Hoje, antes de vir para cá, recebi vários comunicados pelo celular, mas não tive possibilidade de obter esclarecimentos. Eu saí do Rio muito cedo. Amigos meus pedindo que eu já falasse sobre o caso do Rafael, supostamente assassinado pela polícia hoje, no Rio de Janeiro. Amigo de amigos meus, etc.; um rapaz morador de favela, trabalhador, entregador de pizza. Não tenho mais informações, mais elementos, não tive tempo para qualquer levantamento, mas é só uma nota. É uma nota pessoal, de um pequeno caso - pequeno, porém, incomensurável, porque é uma vida humana -, que nos assombra, que nos acompanha no dia a dia no Rio de Janeiro. Isso é uma tragédia, e é absolutamente inaceitável.
Morrem policiais também, em uma quantidade muito superior à da média dos países. Estamos, portanto, diante de um problema muito grave. São jovens também. Quem são esses policiais que matam e que morrem? Eles são irmãos, eles provém das mesmas áreas, dos mesmos territórios vulneráveis; frequentemente, têm a mesma cor. E aquilo que eu chamei de genocídio do jovem negro, nas favelas, nas periferias, chega a atingir, frequentemente, policiais também; trabalhadores, cidadãos policiais.
Uma procuradora do Estado do Rio de Janeiro, corajosa, audaciosa, propôs um TAC (Termo de Ajuste de Conduta) ao Governo do Estado do Rio, verificando que as condições de atuação dos policiais nas UPPs era inaceitável, era subumana. E o que estava sendo perpetrado era inaceitável, também, com a sociedade local. Isso não teve grande visibilidade. Nós precisamos discutir esse caso em detalhes, porque é exemplar e pode abrir caminhos para formas inovadoras de controle externo. Mas o fato é que essa procuradora narra a situação que encontrou nas UPPs depois de várias denúncias de policiais. Ela foi visitá-los e narra a situação usando os seguintes termos: "os policiais trabalhavam em situação análoga à da escravidão". Não é nenhum militante de movimentos radicais; é uma procuradora que examinou uma situação concreta. Essas situações absurdas envolviam desrespeito a tempo de trabalho, inclusive, considerando-se o tempo extra; condições sanitárias abjetas; de alimentação, precariíssimas; de treinamento de defesa; temperaturas desumanas; equipamentos que não funcionam. Isso tudo, submetidos à pressão do risco e à pressão psicológica que advém com a proximidade, a vizinhança do risco. Como solicitar desses policiais respeito aos direitos humanos se os seus próprios estão sendo violados sistematicamente?

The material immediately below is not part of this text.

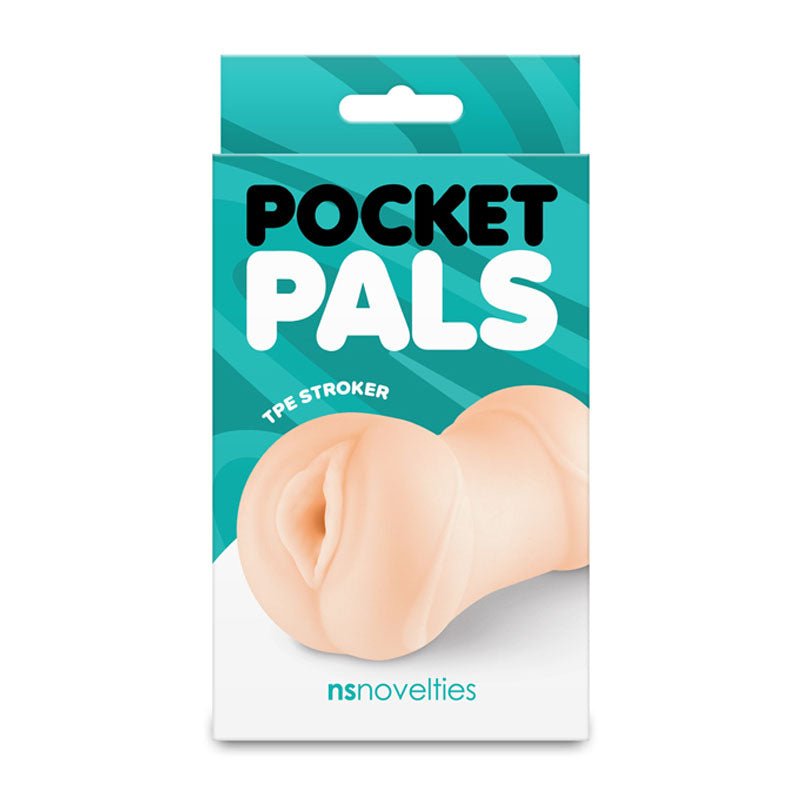 Pocket Pals Vagina Stroker - Flesh - Flesh Vagina Stroker - Silk and Sin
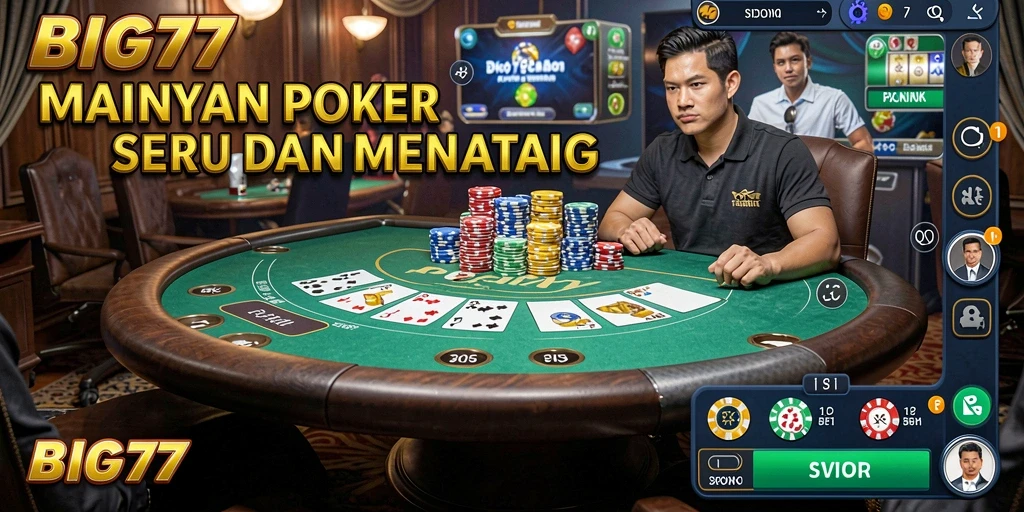 Gameplay yang mendebarkan dalam BIG77, nikmati Poker kapan saja.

E por que é que se aceita esse nível de exploração da força de trabalho? Por que é que um trabalhador convive, ainda que indignado, com essa situação? Porque é militar. Porque, se levantar a voz, denunciar essa situação e se recusar a cumprir mais uma jornada de trabalho, ele será preso sem direito a defesa, porque o regimento disciplinar assim determina. Portanto, a natureza militar da nossa instituição de policiamento ostensivo se converteu em um instrumento de superexploração da força de trabalho, que é um dos fatores conducentes à própria violência policial.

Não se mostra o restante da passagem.